XuehaiPan / nvitop

An interactive NVIDIA-GPU process viewer and beyond, the one-stop solution for GPU process management.
https://nvitop.readthedocs.io
Apache License 2.0
4.56k stars 144 forks source link

[BUG] Pytorch lightning callback #112

Closed marios1861 closed 8 months ago

marios1861 commented 8 months ago

Required prerequisites

What version of nvitop are you using?

1.3.1

Operating system and version

Ubuntu 20.04.6 LTS

NVIDIA driver version

535.129.03

NVIDIA-SMI

No response

Python environment

poetry environment

Problem description

When using pytorch lightning callback, model_helpers function in lightning.pytorch.utilities raises ValueError("Expected a parent"), even though

elif isinstance(instance, pl.Callback):
  parent = pl.Callback

should be the chosen branch, isinstance(instance, pl.Callback) returns false. After further inspection, the older package pytorch_lightning is being used, which can be replaced without any further changes with lightning.pytorch.

Steps to Reproduce

gpu_stats = GpuStatsLogger()
trainer = pl.Trainer(logger=etc, callbacks=[gpu_stats])

Traceback

Traceback (most recent call last):
  File "...", line 40, in <module>
    trainer = pl.Trainer(..., callbacks=[callback])
  File "/.../lib/python3.8/site-packages/lightning/pytorch/utilities/argparse.py", line 70, in insert_env_defaults
    return fn(self, **kwargs)
  File "/.../lib/python3.8/site-packages/lightning/pytorch/trainer/trainer.py", line 431, in __init__
    self._callback_connector.on_trainer_init(
  File "/.../lib/python3.8/site-packages/lightning/pytorch/trainer/connectors/callback_connector.py", line 79, in on_trainer_init
    _validate_callbacks_list(self.trainer.callbacks)
  File "/.../lib/python3.8/site-packages/lightning/pytorch/trainer/connectors/callback_connector.py", line 227, in _validate_callbacks_list
    stateful_callbacks = [cb for cb in callbacks if is_overridden("state_dict", instance=cb)]
  File "/.../lib/python3.8/site-packages/lightning/pytorch/trainer/connectors/callback_connector.py", line 227, in <listcomp>
    stateful_callbacks = [cb for cb in callbacks if is_overridden("state_dict", instance=cb)]
  File "/.../lib/python3.8/site-packages/lightning/pytorch/utilities/model_helpers.py", line 39, in is_overridden
    raise ValueError("Expected a parent")

Logs

No response

Expected behavior

No response

Additional context

No response

XuehaiPan commented 8 months ago

Hi @marios1861, does lightning.pytorch.callbacks.DeviceStatsMonitor fit your use case? The callback in nvitop has not been updated for years. I would rather mark it as deprecated. Because we don't have a release schedule that's aligned with Lightning-AI/lightning. See my previous discussion in https://github.com/XuehaiPan/nvitop/pull/84#issuecomment-1663400377.
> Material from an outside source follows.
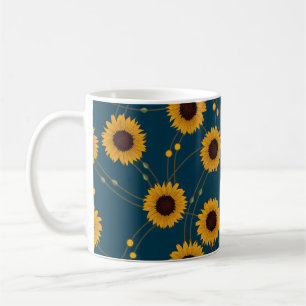 Zufällige Art Nouveau Sonnenblumen Retro-Blumen Ge Kaffeetasse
XuehaiPan commented 8 months ago

When using pytorch lightning callback, model_helpers function in lightning.pytorch.utilities raises ValueError("Expected a parent"), even though

elif isinstance(instance, pl.Callback):
  parent = pl.Callback

should be the chosen branch, isinstance(instance, pl.Callback) returns false. After further inspection, the older package pytorch_lightning is being used, which can be replaced without any further changes with lightning.pytorch.

@marios1861 I guess you are using lightning.pytorch rather than pytorch_lightning, right?

marios1861 commented 8 months ago

Hello @XuehaiPan, yes I am using lightning.pytorch (the package was renamed). lightning.pytorch.callbacks.DeviceStatsMonitor is fine as well, but with adaptor modules (nvitop - lightning in this case) it's not very clear where the responsibility of implementation lies. Since lightning provides the base class for implementing callbacks, I would provide the implementation in nvitop. If that isn't your decision that's fine too.